To make matters exponentially worse, the French lost against Great Britain during the Seven Years War in North America, effectively draining the bank as it were. The French people were the ones who ultimately paid the price, starving in the streets while their privileged leaders partied around the clock like it was already 1999.
Then, when America rose up against France’s long term nemesis (they were still bitter about that whole Hundred Years War affair), Louis bankrupted the country to send money and troops to help out the revolutionary colonists, an oversight that worked out rather well in America’s interest, but not so much for the French people. All the while, Louis’s Queen (Marie Antoinette), ran up the credit card bills with her increasingly extravagant purchases to the point where she earned the title: Madame Deficit.
France had grown significantly in a short period of time, putting increased pressure on the government. Bakery raids, and riots swept the country. So between the food shortage, increased taxes, economic crisis, and political discourse, France was one gamma-inducing-accident away from Hulking out.
That’s when a man named Maximilian Robespierre, leader of the Third Estate, came forth as the voice of the poor and disenfranchised. Max reasonably demanded that the wealthy paid their fair share in taxes. In his address, he blamed the royal court for their pile of problems, and essentially called Louis XVI a greedy jerk, which he definitely was.
1789: During an appeal to the courts, the nobility and clergy completely ignored their pleas. Since legal channels didn’t work, they decided to take a different route. The representatives of the Third Estate got up during the meeting, and walked out. After being locked out of a meeting, the members of the Third Estate regrouped outside the court house in a tennis court (randomly), and announced an Oath against the King’s authority and formed The National Assembly. The aptly named Tennis Court Oath was basically like a French version of the Declaration of Independence.
King Louis, unsure of how to proceed, attempted to make both sides happy, which he failed to do, on both ends. Then as a last step, he called in troops from abroad to ‘keep the peace’. Within days 30,000 troops surrounded Paris. In response, The People formed a guard to fight the power! Sheer revolt had taken hold at long last. Paris erupted into violence as the people of Paris demanded retribution. Revolution had come at last, and things were about to get fugly…
The only problem? The make-shift militia had plenty of muskets, minus the gun powder…
The solution: Raid the Armory!!!
THE FRENCHMEN REVOLT!
“Storm the Bastille!” they cried (in French, presumably). And so the 99% marched towards the Bastille, ready to dish out some old school justice on some fools.
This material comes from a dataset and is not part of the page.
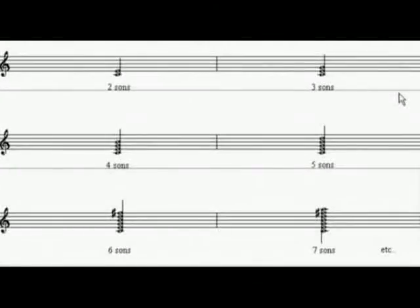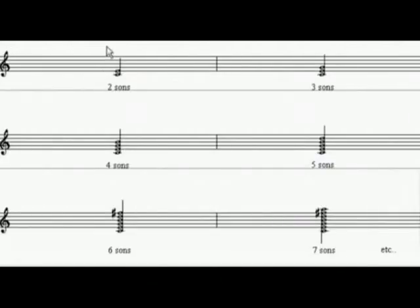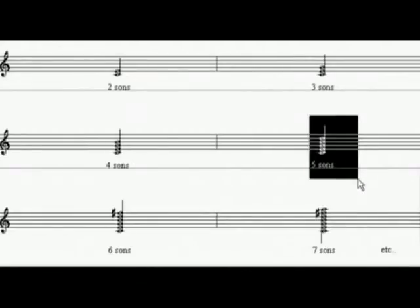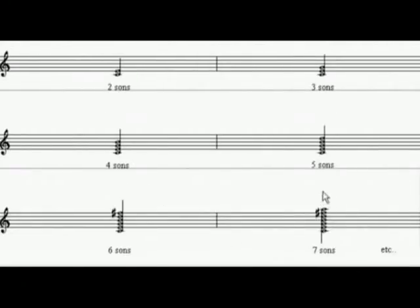When two sounds meet at the same moment, they are in perfect harmony. To make a chord, we just play two simultaneous sounds. The chord is a harmonic interval created when two sounds are played together. The chord may include two sounds, three sounds, four sounds, five sounds, six sounds, seven sounds, and sometimes more.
The Bastille was a literal fortress, a dungeon that symbolized the monarchy’s absolute power, and the citizens of Paris were about to tear it apart, quite literally brick by brick!
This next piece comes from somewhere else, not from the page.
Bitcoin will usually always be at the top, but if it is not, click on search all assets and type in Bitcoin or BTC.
The soldiers stationed at the Bastille crapped their collective pants as the entire population of Paris came down on them shouting ‘Vive La France!’ Those that were too stupid to abandon their posts met a gruesome death at the hands, knives, and pitchforks of the angry mob that swarmed the castle like a colony of killer bees!
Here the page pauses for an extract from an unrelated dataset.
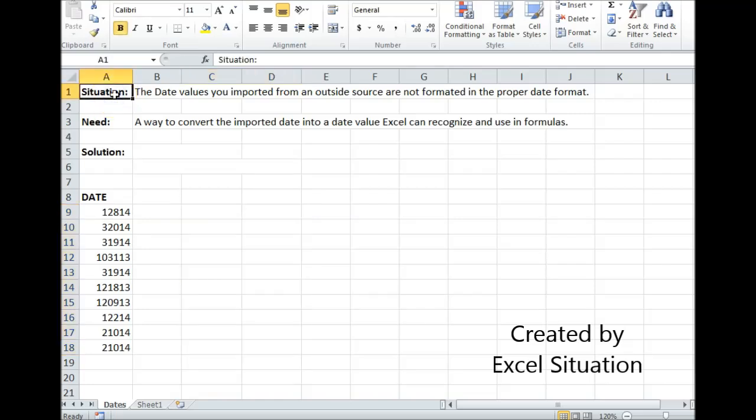Here's a situation. You're importing data from an outside source, maybe copying and pasting directly into Excel. And some of that information includes dates, and those dates don't come over in the proper date format.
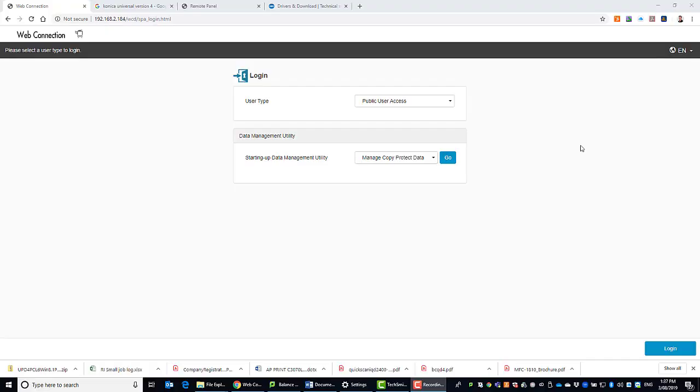Hi guys, it's Leif here from iTech. Today I'm going to show you how you can access the Konica Minolta remote panel. So that's a way to access the touch screen of the MFD remotely.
Meanwhile, ¡Vive la Revolución! had reached the gates of Versailles. The angry mob of mothers and bakers tore into the palace, pillaging the flour storage… and royal blood! Accounts of the time claim that more than one of the palace guards was literally ripped limb from limb.
According to an urban myth of the time, when Marie Antoinette was approached by her servants about the starving, angry, people rioting outside, the Queen dismissively pointed to the leftovers from the party, and told her advisors, “Let them eat cake.” As funny as that is, she never actually said it. In reality Marie was shocked. She had no idea just how bad things had gotten, from her sheltered lifestyle in the palace. Some claim that as she was running for her life, she may have said something in panic, along the lines of “If they’re hungry, can’t we give them some Brioche?” not fully grasping the severity of the situation.
King Louis XVI looked out the window, saw the torches and pitchforks, and immediately set about dipping his quill in ink to sign their Declaration of the Rights of Man, relinquishing his power. The King and Queen attempted to sneak away, but were captured, and marched unceremoniously back to Paris in a parade of revolutionaries waving red, white, blue – oh and the severed heads of the royal guards on pikes. The National Assembly took control of the system, aristocracy was thrown out for democracy (by extreme means) and a Constitutional Monarchy was established by the people of France.
If you think that’s the happy end of our triumphant story you’re dead wrong.
THE REIGN OF TERROR Begins…
In 1791, the King and Queen attempted an escape to Austria, disguised as servants. Unfortunately they kinda sucked at acting. They were found out, arrested, and dragged back to Paris to await trial.
All the while, Jon Paul Marat became the voice of the Revolution. As it turns out, Marat was a voice of insanity.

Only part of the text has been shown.